(公社)日本バレエ協会関西支部
2024-10-06

バレリーナである前に、すてきなレディでありますように! Vol.32

関西支部は次回芸術劇場に「ドン・キホーテ」を上演します。昨日無事選考会を終えました。今回はこの作品について。

「ドン・キホーテ」は1869年、モスクワ・ボリショイ劇場で初演されました。作者はマリウス・プティパ。4幕8場の作品として制作初演されました。キャラクターダンスからなるディヴェルティスマンとマイムがほぼ全体を占めていたそうな。
第1幕のゼギジリア、第3幕のファンダンゴなどスペイン舞踊がふんだんに取り入れられていますが、これは、プティパがスペインのマドリードの劇場との契約中、現地や巡業で訪れたアンダルシアなどでの経験が生かされていると伝えられています。
現在のような形式になったのはやはり、ボリショイ劇場。
同劇場から改定上演を移嘱されたアレクサンドル・ゴールスキーにより1900年に初演されました。

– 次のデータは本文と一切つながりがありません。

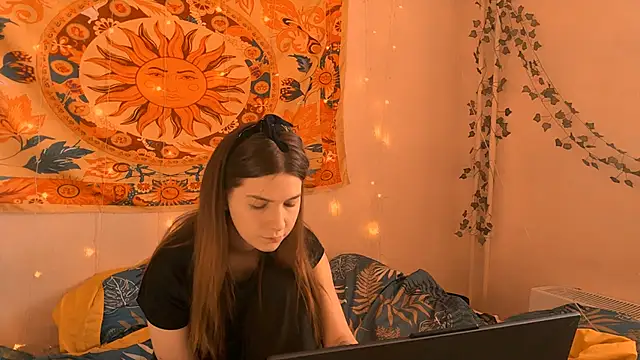 AliceCUNTach online show from 03.08.26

ゴールスキーは、セルバンテスの原作を検討し、登場人物に、役割を与え、必然性あるマイム、テクニックを重視して作り上げたと言われています。
ゴールスキーは、ペテルブルグ生まれ、バレエ学校時代にはプティパにかわいがられ、卒業後はマリインスキー劇場バレエ団のコール・ド・バレエとして踊り、次第に頭角を現し、主役を踊るも、キャラクテールを得意としました。

マリインスキー劇場在職中に自分の作品に手を加えられたプティパの怒りは相当なものだったようですが、ゴールスキー版が世に出たことで、受け継がれていくことになります。
1966年ウィーン国立歌劇場に振付初演された、ルドルフ•ヌレエフ版、1978年ABT のバルシニコフ版などが世に出て、エスパーダなど、エキゾチズム、ドンキホーテが見る夢の場の、ファンタジックなシーン、そして3幕の超技巧テクニックを楽しめるパ・ド・ドゥなど、今や世界各地で上演される人気の作品となりました。

芸術劇場では山口章先生が振付を担当されます。
山口先生は「物語を大切にそれぞれのシーン、それぞれのキャラクターを粒立たせ、出演者それぞれの個性が活きる演出がしたいです。これまでの振付家達のアイデアも活かしつつ今回ならではの良いカタチで、観る側も演じる側も《とにかく”楽しい”ドンキ》になればと思っています。」と抱負を語られています。
ちなみに、関西支部の芸術劇場では、1997年、2003年、2013年と3度取り上げられています。

本番に向けて始動しました「ドン・キホーテ」ワクワクですね。

参考文献
薄井憲二 『バレエ千夜一夜』新書館
渡辺真弓 『名作バレエ70』世界文化社
鈴木晶  『バレエ誕生』 新書館

※『バレリーナである前に、すてきなレディでありますように』は
協会員、また、その生徒の皆様が、すてきな(女性)レディ、(男性)ジェントルマンと周りから認められるような振る舞いや情報を、様々な角度からご紹介するコーナーです。